-- Requirement --
Return the listing in full, word for word.

:: Provided data ::

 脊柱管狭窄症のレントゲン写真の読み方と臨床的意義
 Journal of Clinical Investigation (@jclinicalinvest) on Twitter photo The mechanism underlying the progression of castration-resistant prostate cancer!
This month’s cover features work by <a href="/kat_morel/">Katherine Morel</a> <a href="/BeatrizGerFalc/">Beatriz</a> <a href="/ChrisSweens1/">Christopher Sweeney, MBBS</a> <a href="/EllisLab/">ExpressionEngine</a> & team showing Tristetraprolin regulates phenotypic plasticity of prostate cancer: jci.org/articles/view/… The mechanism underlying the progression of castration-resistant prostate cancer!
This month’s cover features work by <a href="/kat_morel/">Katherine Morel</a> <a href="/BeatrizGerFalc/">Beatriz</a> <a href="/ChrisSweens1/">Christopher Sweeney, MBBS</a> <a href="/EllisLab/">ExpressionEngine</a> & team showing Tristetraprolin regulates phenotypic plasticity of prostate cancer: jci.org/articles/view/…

:::

-- Solution to the problem --
 脊柱管狭窄症のレントゲン写真の読み方と臨床的意義
 Journal of Clinical Investigation (@jclinicalinvest) on Twitter photo The mechanism underlying the progression of castration-resistant prostate cancer!
This month’s cover features work by <a href="/kat_morel/">Katherine Morel</a> <a href="/BeatrizGerFalc/">Beatriz</a> <a href="/ChrisSweens1/">Christopher Sweeney, MBBS</a> <a href="/EllisLab/">ExpressionEngine</a> & team showing Tristetraprolin regulates phenotypic plasticity of prostate cancer: jci.org/articles/view/… The mechanism underlying the progression of castration-resistant prostate cancer!
This month’s cover features work by <a href="/kat_morel/">Katherine Morel</a> <a href="/BeatrizGerFalc/">Beatriz</a> <a href="/ChrisSweens1/">Christopher Sweeney, MBBS</a> <a href="/EllisLab/">ExpressionEngine</a> & team showing Tristetraprolin regulates phenotypic plasticity of prostate cancer: jci.org/articles/view/…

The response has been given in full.